Re: clean on-disk filesystems through {suspend,hibernate}/resume

2018-01-07 Thread Theo de Raadt
> > BTW, if anyone uses softdep *you have to tell me*, and then try
> > to repeat problems you encounter without softdep.  That is a
> > totally different problem set.
> 
> Yes, I am using softdep.

I am not concerned with the softdep case.  softdep needs a maintainer,
and it isn't me.  I'll provide hints for how to debug this though:

First apply the following diff to the tree.  This will keep the screen
alive during the suspend cycle.  On some inteldrm chipsets it will
fail to resume afterwards, however.  On x230 this works, newer models
cannot handle this hack.  Anyways the goal is is to observe why it
isn't suceeding at completing the suspend sync.

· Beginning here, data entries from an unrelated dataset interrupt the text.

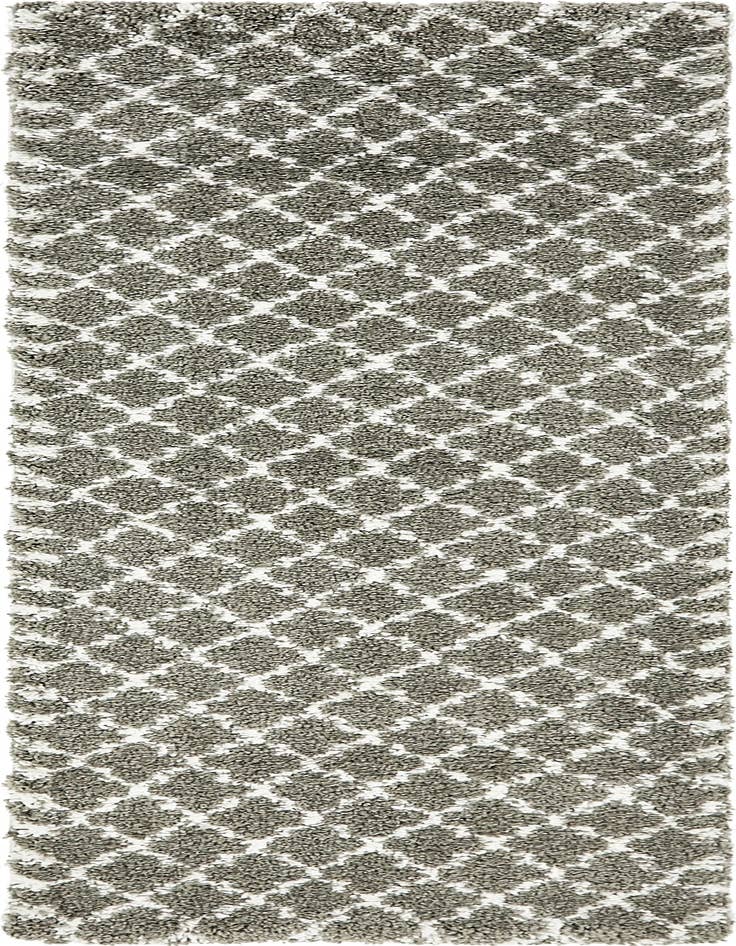 Detail image of 2' 7 x 10' Moroccan Shag Runner Rug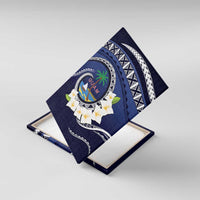 Hafai Adai Guam Guasalis Canvas Wall Art Polynesian Tribal Pattern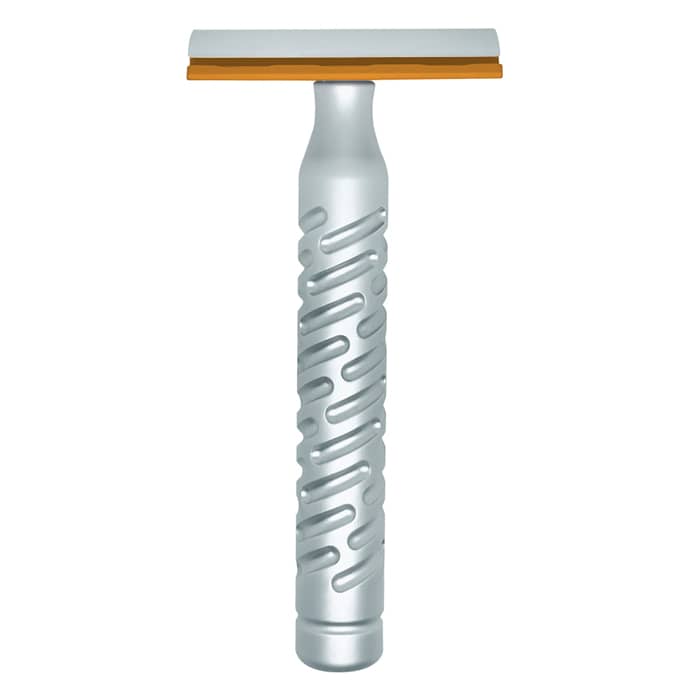 The Goodfellas' Smile Safety Razor Styletto Sandy Gold - Shaving Time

Having the screen alive makes it possible to add printf's to the ffs
softdep code, in particular softdep_sync_metadata() and such
functions.  Figure out what the code is doing keeping so busy.  Why
does it keep doing IO?  Is it writing data blocks for files?  Is it
repeatedly updating the same metadata?

For this suspend case, the sync functions are being called with various
_WAIT flags instead of _NOWAIT or _LAZY.  It is being asked to achieve
stability.  What stops it from achieving stability?  When you read the
code in the area you'll be shocked at the comments.  Try to figure
out which cases are occurring.

Anyone with rudimentary C skills and patience can do this.  (But I
won't be doing it, I have other things to do)

Index: i915_drv.c
===
RCS file: /cvs/src/sys/dev/pci/drm/i915/i915_drv.c,v
retrieving revision 1.108
diff -u -p -u -r1.108 i915_drv.c
--- i915_drv.c  30 Sep 2017 07:36:56 -  1.108
+++ i915_drv.c  21 Dec 2017 05:52:54 -
@@ -673,6 +673,8 @@ static int i915_drm_suspend(struct drm_d
pci_power_t opregion_target_state;
int error;
 
+   return 0;
+
/* ignore lid events during suspend */
mutex_lock(_priv->modeset_restore_lock);
dev_priv->modeset_restore = MODESET_SUSPENDED;
@@ -745,6 +747,8 @@ static int i915_drm_suspend_late(struct 
 {
struct drm_i915_private *dev_priv = drm_dev->dev_private;
int ret;
+
+   return 0;
 
ret = intel_suspend_complete(dev_priv);
 



Re: clean on-disk filesystems through {suspend,hibernate}/resume

2018-01-07 Thread Matthias Schmidt
Hi,

* Theo de Raadt wrote:
> 
> BTW, if anyone uses softdep *you have to tell me*, and then try
> to repeat problems you encounter without softdep.  That is a
> totally different problem set.

Yes, I am using softdep.

For testing, I removed softdep and performed all tests again and
run the "extract src.tar while suspending" multiple times both on /tmp
and /home.  Now, the suspend process was quite fast and the file systems
were marked clean every time.

Cheers

Matthias



Re: clean on-disk filesystems through {suspend,hibernate}/resume

2018-01-06 Thread Theo de Raadt
> 4.  Now the interesting case.  Basically the same as (2) but now I
> extracted src.tar.gz not in /tmp but in /home which is my largest
> partition.  This time, the suspend process does not finished and I
> pulled the plug after some time.

I've heard a report or two of it not completing sync.  I don't know
yet what causes this situation.

BTW, if anyone uses softdep *you have to tell me*, and then try
to repeat problems you encounter without softdep.  That is a
totally different problem set.



Re: clean on-disk filesystems through {suspend,hibernate}/resume

2018-01-06 Thread Matthias Schmidt
Hi,

* Theo de Raadt wrote:
> 
> I would appreciate reports, and later I'll cut this into pieces and
> commit incremental changes.

I run four tests on an Intel NUC with softraid CRYPTO and a keydisk.
Although the sync+suspend does not finish in one test it is definitely
am improvement and your work is highly appreciated!

Cheers

Matthias

1. zzz after manual fsync and pulled the plug after suspend.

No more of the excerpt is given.